↓↓↓

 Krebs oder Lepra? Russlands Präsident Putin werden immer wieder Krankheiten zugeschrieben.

↑↑↑
↓↓↓

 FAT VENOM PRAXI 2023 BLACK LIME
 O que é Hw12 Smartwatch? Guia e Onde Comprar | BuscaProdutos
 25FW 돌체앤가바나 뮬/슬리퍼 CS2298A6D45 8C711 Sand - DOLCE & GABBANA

↑↑↑

Task to complete →
Extract the lines of the preceding material that run from the line with "O que é Hw12" through the line with "25FW 돌체앤가바나 뮬/슬리퍼", inclusive, reproducing them exactly and adding nothing.

Exercise answer →
 O que é Hw12 Smartwatch? Guia e Onde Comprar | BuscaProdutos
 25FW 돌체앤가바나 뮬/슬리퍼 CS2298A6D45 8C711 Sand - DOLCE & GABBANA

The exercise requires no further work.